▶ _INPUT MATERIAL_:
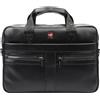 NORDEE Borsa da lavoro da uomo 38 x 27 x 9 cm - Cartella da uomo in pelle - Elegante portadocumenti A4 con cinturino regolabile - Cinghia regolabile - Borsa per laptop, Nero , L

---

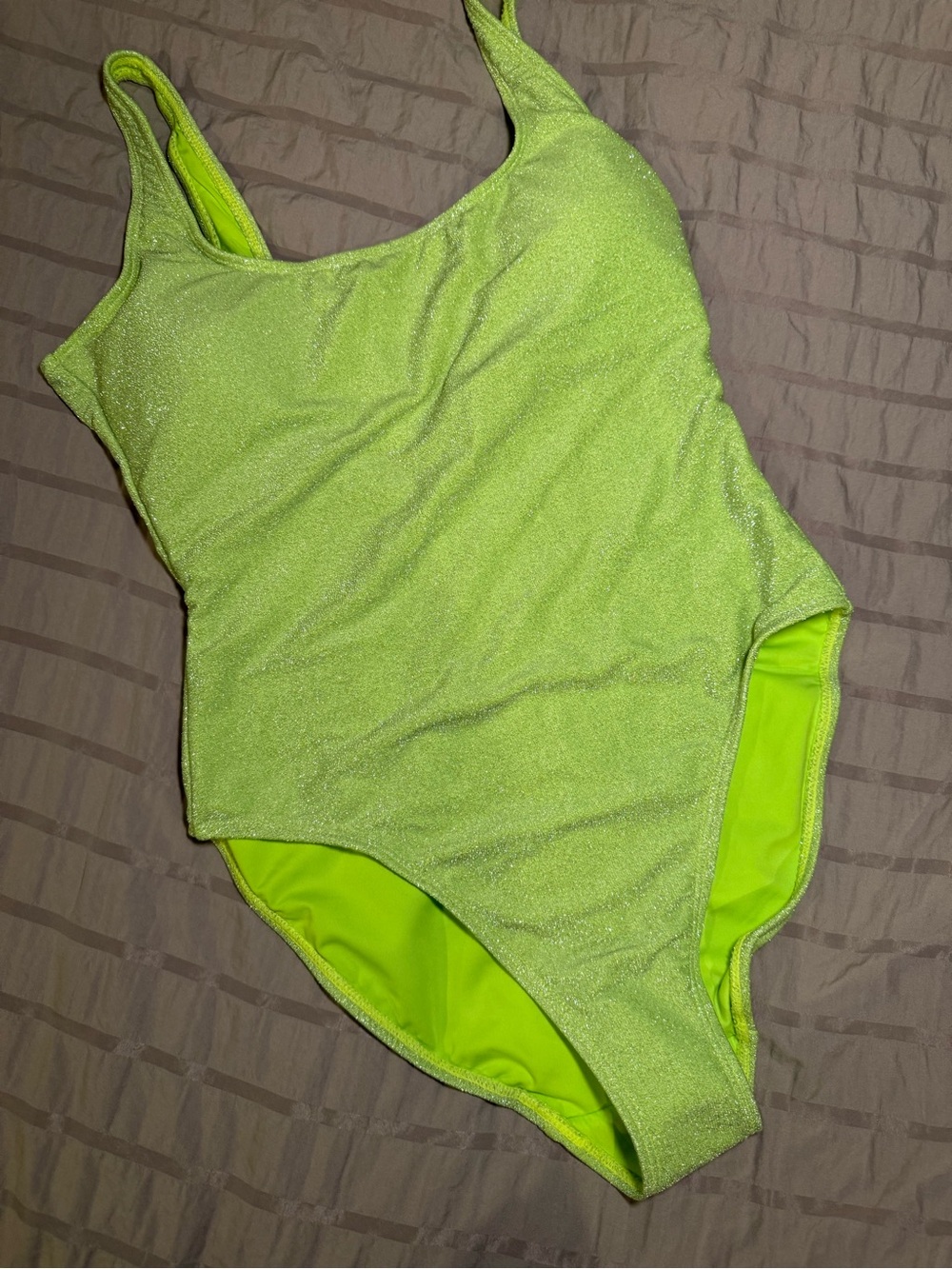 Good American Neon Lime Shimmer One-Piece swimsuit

* * *

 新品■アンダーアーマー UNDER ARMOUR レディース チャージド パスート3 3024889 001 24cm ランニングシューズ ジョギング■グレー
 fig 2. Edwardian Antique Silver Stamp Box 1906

▶ _WHAT IS NEEDED_: In the data above, find the line with "新品■アンダーアーマー UNDER ARMOUR" and the line with "fig 2. Edwardian". Retype both, plus every line between them, exactly.

▶ _EXERCISE SOLUTION_:
 新品■アンダーアーマー UNDER ARMOUR レディース チャージド パスート3 3024889 001 24cm ランニングシューズ ジョギング■グレー
 fig 2. Edwardian Antique Silver Stamp Box 1906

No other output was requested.